Author Jim Cox addressed the radio program's cultural significance in an article that appeared in SPERDVAC's Radiogram in early 2008.

==Ozzie's Girls==

In September 1972, six years after the show ended, NBC aired a pilot episode for a revival of the Ozzie and Harriet storyline. In the episode, Ozzie and Harriet rent the boys' old room to two college students, portrayed by Susan Sennett and Brenda Sykes, after David and Ricky move out. David Nelson served as producer; Ricky Nelson, at this point in his career distancing himself from his past, had no involvement. Storylines centered around the Nelsons' attempts to solve the problems of two girls after having raised two boys. NBC passed on the series, but Viacom and Filmways agreed to put the show into production and distribute it in syndication.
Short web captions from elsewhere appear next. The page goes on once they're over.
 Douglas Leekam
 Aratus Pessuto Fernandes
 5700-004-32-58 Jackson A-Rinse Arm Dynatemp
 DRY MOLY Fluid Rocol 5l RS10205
Ozzie's Girls premiered on local stations, including New York's WABC-TV, in September 1973. It ended in September 1974 after one season. (Though the show was never a major hit, Ozzie's health was beginning to fail at the same time, and he would die in June 1975, less than a year after Ozzie's Girls ended.)
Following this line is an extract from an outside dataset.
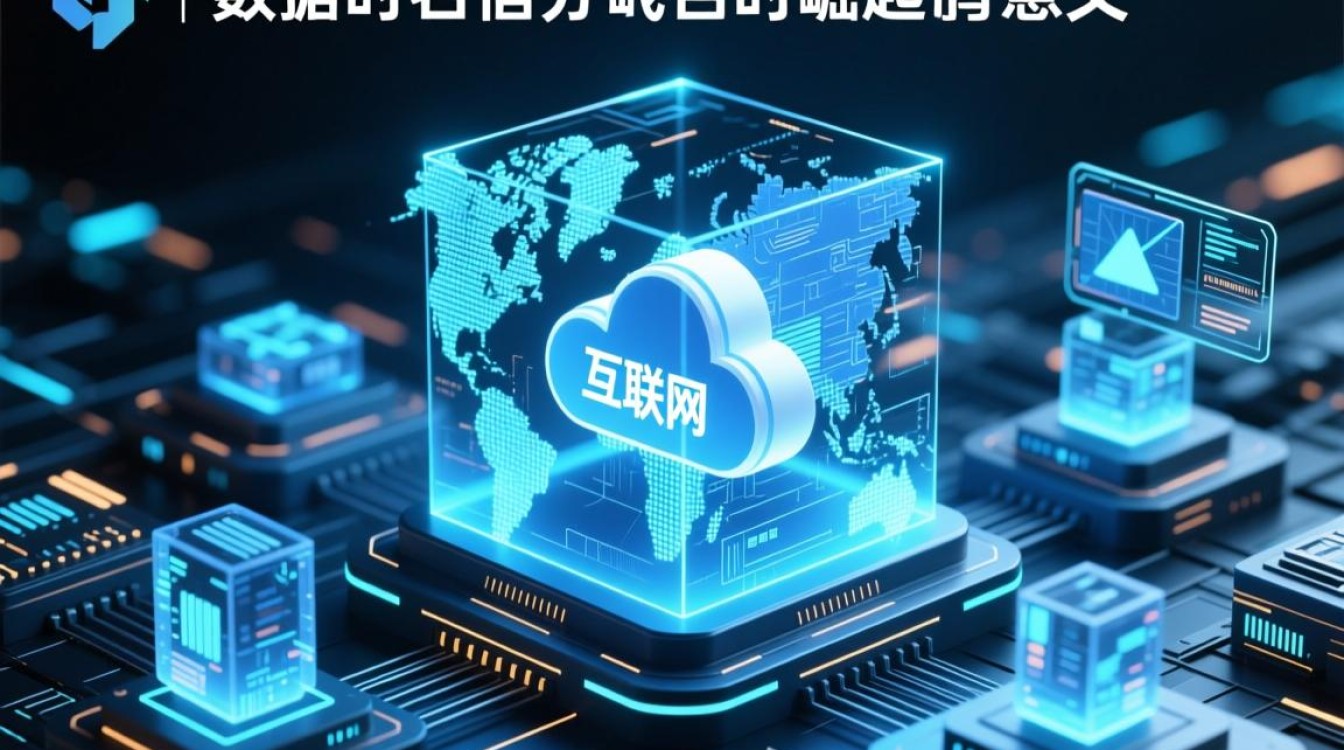 data域名后缀在互联网应用中扮演什么角色？为何越来越受欢迎？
==The Nelsons' post-TV lives==

===Ozzie===

Ozzie Nelson continued to work in show business after the failure of the short-lived sitcom Ozzie's Girls. He took on the role of producer and director for some of TV's popular series, most notably Adam-12, The D.A., and Bridget Loves Bernie. In 1975, Ozzie Nelson died of liver cancer at the age of 69.

===Rick===

In the years after Ozzie and Harriet was cancelled, Rick Nelson's career and personal life changed drastically. Rick continued to record and perform music. He shied away from his teen idol image and sound, forming the rock and roll/country-fused Stone Canyon Band. Rick and the Stone Canyon Band had success with the 1972 single, "Garden Party". Rick and the Band wrote the song in response to their perception of having been booed off the stage at a rock and roll revival concert at Madison Square Garden after including some newer songs in their set, following the performance of his old hits. In fact, the audience commotion was related to security removing a drunk in the crowd. Throughout the 1970s, Rick was riddled with debt. In 1981, he and wife Kristin Harmon divorced. While touring the United States, en route to a New Year's Eve concert in Dallas, Rick Nelson was killed in a plane accident on December 31, 1985, in DeKalb in Bowie County in northeast Texas. In 1987, Rick was inducted posthumously into the Rock and Roll Hall of Fame.

===Harriet===

Following Ozzie's death in 1975, Harriet grew reclusive. In 1989, she made her last onscreen appearance in her granddaughter Tracy Nelson's TV series, Father Dowling Mysteries. Harriet never fully recovered from Rick's death and died of congestive heart failure and emphysema in 1994 at the age of 85.

Ozzie, Harriet, and Rick are interred together at Forest Lawn, Hollywood Hills Cemetery, in Los Angeles, California.

===David===

David Nelson continued to produce feature films and television commercials and owned his commercial production company. David died from colon cancer on January 11, 2011.

== Legacy ==

The series attracted large audiences and became synonymous with the 1950s ideal American family life. Although it was never a top-ten hit, Nelson's long-term contract with ABC and the lower expectations that came with being on the lowest-rated of the Big Three television networks at the time ensured that the show accrued enough episodes to remain the longest-running live-action sitcom in United States television history until It's Always Sunny in Philadelphia was renewed for a 15th season in 2021, while also still maintaining the record for most number of episodes aired to the present day for any live-action American sitcom.